Вскоре мы вышли на небольшую полянку, которую в полном соответствии с особенностями местного ландшафта тоже огибала неизвестная мне речушка. Кругом были расставлены палатки, не среднего размера туристические из разноцветного прочного нейлона, а большие — из выцветшего толстого брезента. По всей видимости, армейские. Посреди поляны — огромное кострище. Чуть поодаль на самом краю стояло бревенчатое, явно наспех сложенное сооружение, наподобие рубленой бани или сарая, только без окон. Чуть в стороне стояли два УАЗа защитного цвета с московскими номерами. Автоматически запомнив номера машин, ещё раз быстро оглядела местность. Людей вокруг не наблюдалось.

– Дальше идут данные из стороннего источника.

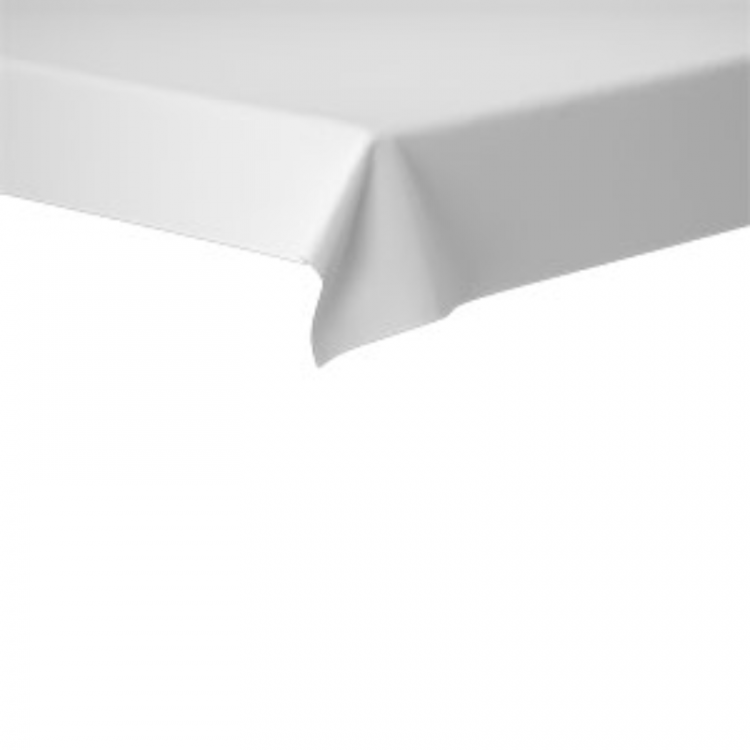 Nappe Evolin 127x127cm blanc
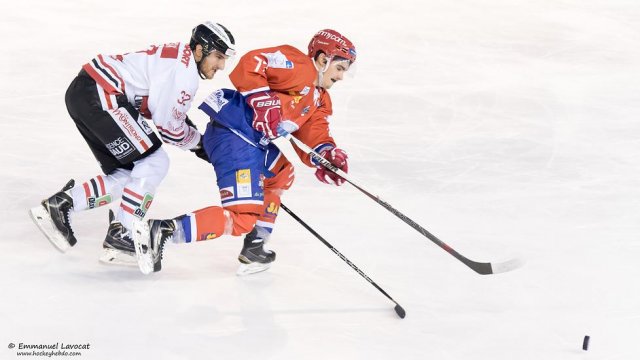 Photo hockey match Lyon - Morzine-Avoriaz le 11/12/2015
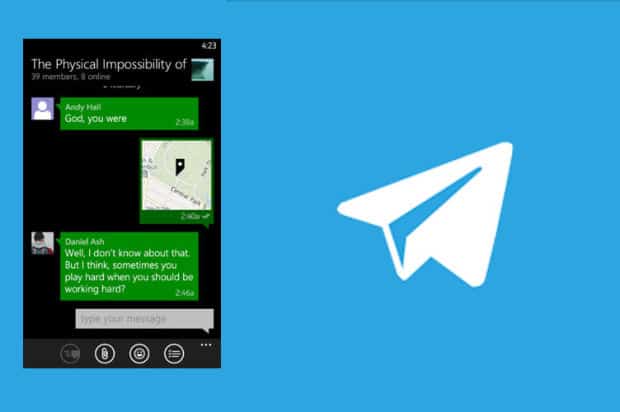 Download & Install Telegram Messenger For Windows 8.1/8/7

Меня вывели на середину свободного от палаток пространства и знаком приказали остановиться. Двое из моих провожатых встали рядом со мной по бокам, а тот, кто, по-видимому, был старшим, зашёл в ближайшую палатку, с грохотом откинув тяжёлый полог.
Через минуту из палатки вышли двое — мой провожатый и высокий молодой, лет тридцати, человек с голым торсом, со светлыми волосами и довольно приятной наружности. Он приветливо улыбнулся и широко развёл в стороны руки, как будто встретил хорошую знакомую. Но что-то в его приветливом взгляде, откровенно говоря, напрягало. Он подошёл ближе и остановился примерно в трёх метрах, продолжая улыбаться.

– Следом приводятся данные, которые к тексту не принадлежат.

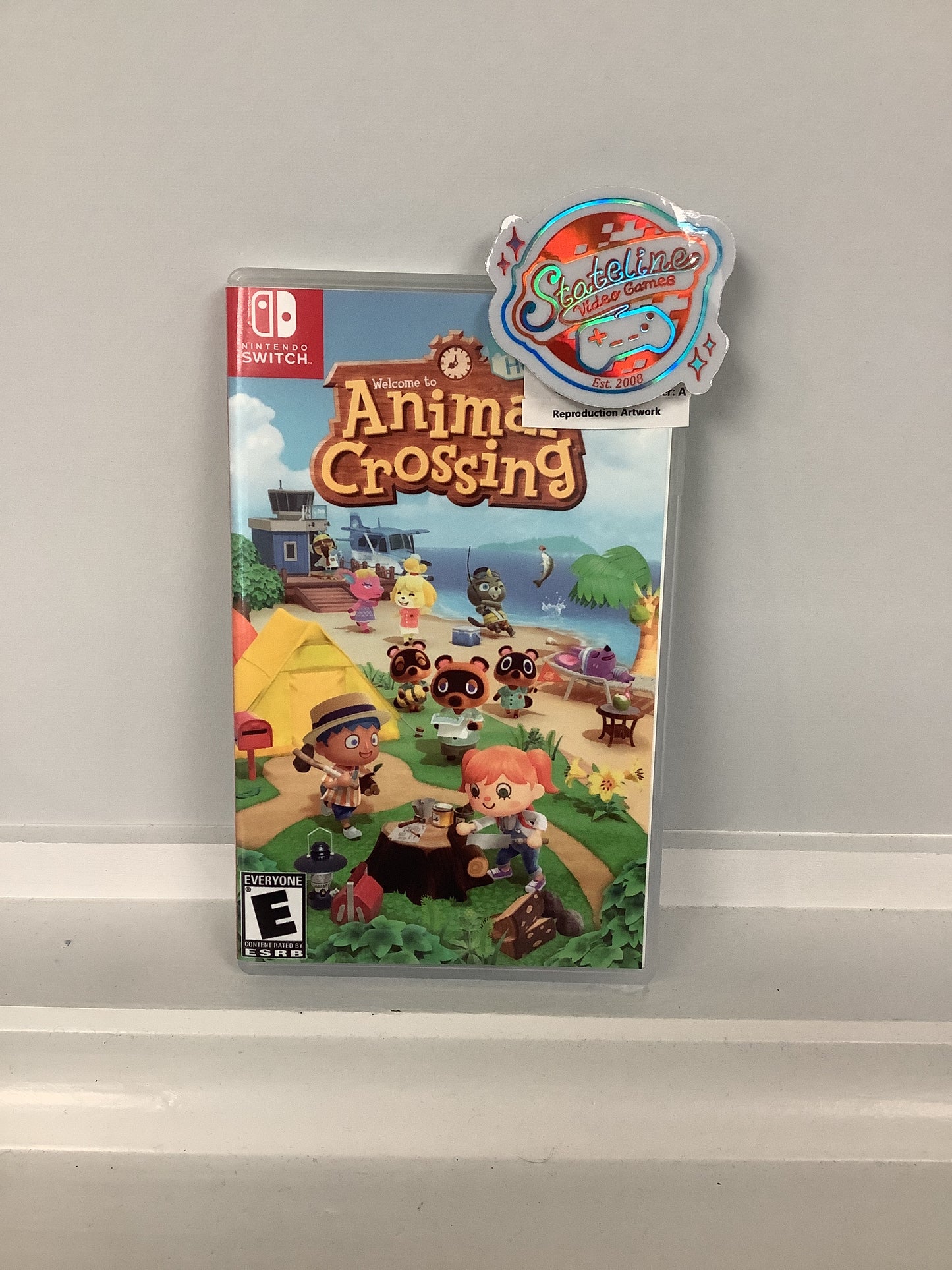 Animal Crossing: New Horizons - Nintendo Switch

— Смотрите, какая прекрасная незнакомка к нам гости пожаловала! — воскликнул он и вдруг, без всякого перехода, спросил, продолжая довольно улыбаться:
— Ты сама разденешься или тебе помочь?
Сказано это было с той же добродушно-хищной улыбкой, так что я даже сначала не поняла смысла сказанного, всё моё внимание было приковано к медальону, висевшему у него на груди. Массивный, явно из золота, в виде половинки мальтийского креста, украшенного красными камнями…
«Интересно девки пляшут. Точно такой же медальон во время войны нашёл мой дед в каком-то старинном замке в Германии», — опешила я и даже непроизвольно коснулась того места на груди, где я всегда его носила, но тут же вспомнила, что перед отъездом на дачу от греха подальше оставила медальон дома.

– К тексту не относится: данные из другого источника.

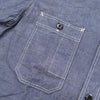 Studio D'Artisan Selvedge Chambray S/S Work Shirt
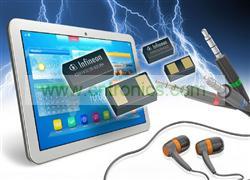 平板計(jì)算機(jī)、智能型手機(jī)等行動裝置，外接接口多元，必須妥善進(jìn)行ESD防護(hù)，避免設(shè)備因ESD問題損壞、故障。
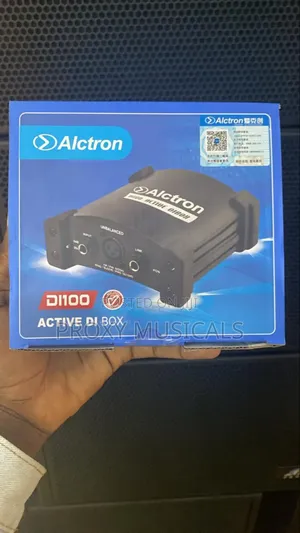 Alctron Di100 Active Di Box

— Ну, так что — сама? Или?.. — вернул меня к неприятной действительности противный голос.
Я подняла голову и внимательно посмотрела на блондина. Он кивнул моим провожатым, они мгновенно отреагировали и, приблизившись вплотную, схватили меня за руки.
— А почему я это… — голос мой предательски задрожал, — должна сделать? — внезапно в животе стало пусто.
— А потому, дорогуша, — терпеливо пояснил высокий и молодой блондин, — что обычай у нас такой, а с чужим уставом, как говорят… — развёл он руками.
Я прекрасно осознавала, что никуда мне не деться, и, представив, как через секунду меня будут валять по песку, срывая одежду, я словно в тумане произнесла:
— Сама.
— Не слышу, что сама?! — громко рявкнул блондин, и от его доброжелательности не осталось и следа. Махнул рукой бородатому, и тут же я ощутила боль в правом боку от несильного удара прикладом.
— Я разденусь сама, — почти по слогам отчеканила я, собрав остатки моей воли в кулак.
— Валяй, — опять добродушно сказал блондин, видя, что я абсолютно деморализована.
Я отвернулась от них и начала медленно снимать одежду. Когда же на песок упали трусики, мне вдруг стало очень холодно несмотря на то, что вовсю жарило солнце. Я задрожала как осиновый лист на холодном ноябрьском ветру.